Current rents in the Karama area are Dh40,000-Dh50,000 for a studio, Dh55,000-Dh75,000 for a one-bedroom flat, Dh80,000-Dh95,000 for a two-bedroom unit, and Dh90,000-Dh110,000 for a three-bedroom apartment, he says.
There are new properties coming online every year in Bur Dubai, but it's not the same situation in Karama, says Wafa Ghannam, Residential Sales and Leasing Manager at Better Homes. ''From a demand perspective, we receive enquiries for shared accommodation and flats that cater to families.
''Both areas are generally busy, with a good mix of business and social activities. For example, there are a number of banks, government offices and consulates near these areas. There is also a significant high-street retail experience on offer in Bur Dubai and Karama.''
As one of the older parts of Dubai, Deira is very popular and in demand from low-and middle-income tenants due to the affordability and convenience of the area, points out Stevens. ''Rents are still 35 per cent higher than a year ago and therefore most tenants may witness a further increase in rent. Some new supply is also coming up in the area.''
Ghannam adds that Deira is particularly popular among executives and families due to the number of businesses and the retail offerings in the area, which include the Old Souq and Gold Souq.
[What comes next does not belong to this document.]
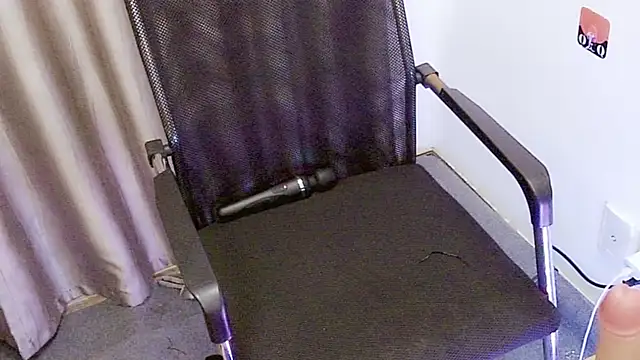 Snapshot of ALy-Lush chatting on 12/20/25, 07:04 ALy-Lush online show from 12/20/25, 07:04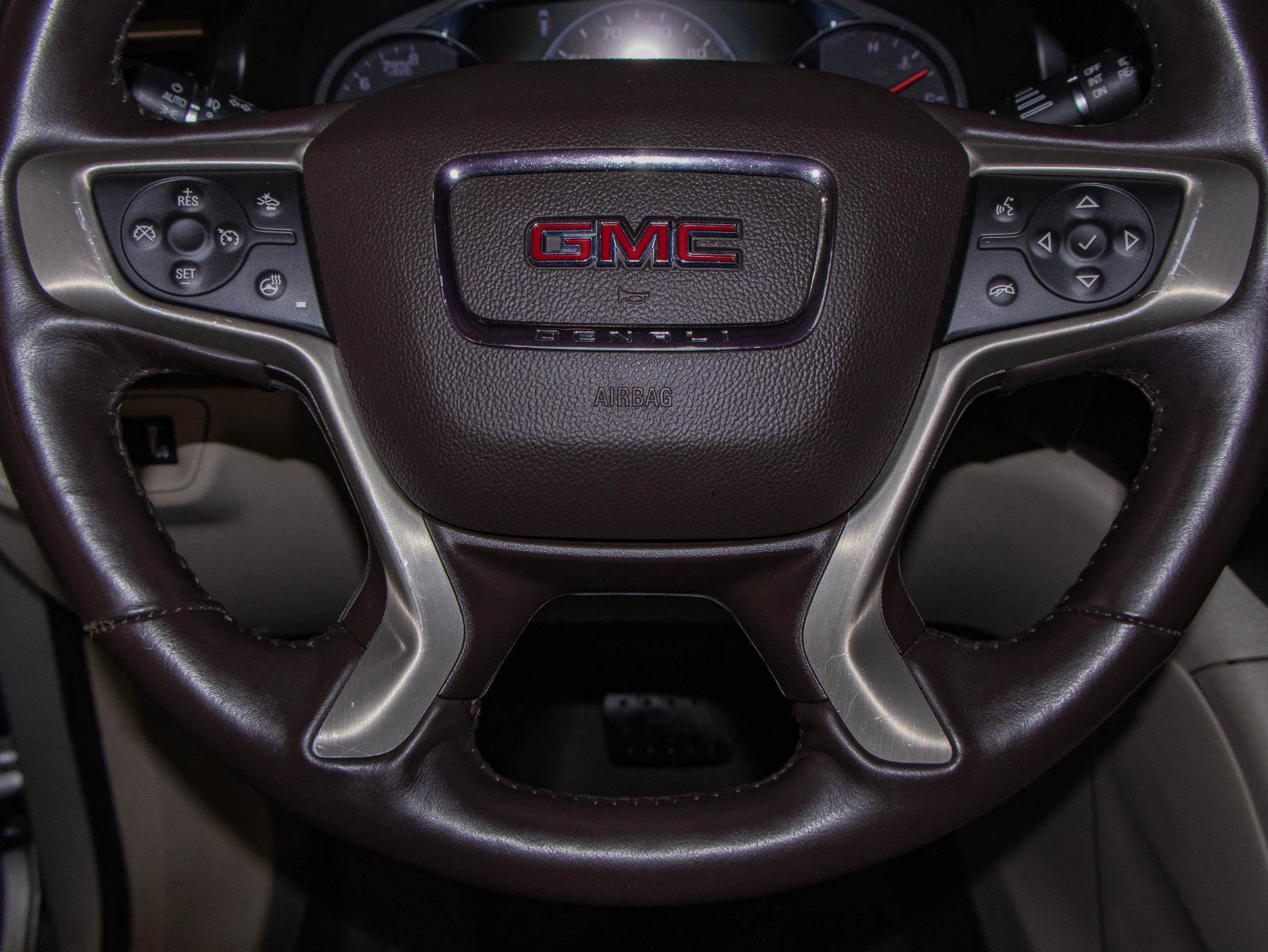 Used 2018 GMC Acadia Denali w/ LPO, Cargo Package FWD image 12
''However, business and social factors are not the only influencers anymore,'' Ghannam says. ''An increasing number of tenants are making their ultimate decisions based on the amenities that accompany a property.''
Shaikh Zayed Road
Rents have been stable over this quarter, says Stevens, but they are approximately 21 per cent higher than last year and therefore tenants may witness more hikes.
Current rates in the area are Dh75,000-Dh85,000 for a studio, Dh100,000-Dh120,000 for a one-bedroom apartment, Dh125,000-Dh170,000 for a two-bedroom unit, and Dh160,000-Dh220,000 for a three-bedroom apartment.
Ghannam says new towers constantly being built along the highway contribute significantly to Dubai's unique skyline and real estate offerings. Shaikh Zayed Road has the Dubai Metro network and convenient access to the city's hotels, malls and business hubs, which makes it one of the most practical locations in the emirate.
''We receive enquiries for all kinds of properties — from studios to four bedroom apartments and even penthouses,'' says Ghannam. ''Properties here do not stay vacant for very long. Based on current trends, we envisage moderate gains in rental rates on Shaikh Zayed Road for the year ahead.''
Ghannam says, ''Rents in Jumeirah have increased by some 20-30 per cent this year, based on the Real Estate Regulatory Agency's Rental Increase Calculator. However, this figure can vary depending on the specification and facilities associated with a property. The area commands a premium and we expect year-on-year rental increases in Jumeirah.''
The anticipated growth for next year will be modest and not as aggressive as compared to last year or the first half of this year, says Ghannam.
''New projects in Jumeirah are limited and demand certainly outstrips the units available. For example, villas are very popular in this area but, unfortunately, availability is hard to come by. This is one of the driving factors associated with the premium rents commanded in the area.
''[Some] other contributing dynamics are Jumeirah's close proximity to schools and beaches, thereby making it a hot spot for families,'' she says.
In comparison with traditional leasehold areas in Dubai such as Deira and Bur Dubai, New Dubai has seen and will continue to see substantial additions in supply, implying pressure on rents is likely to be witnessed over the next few quarters, says Stevens.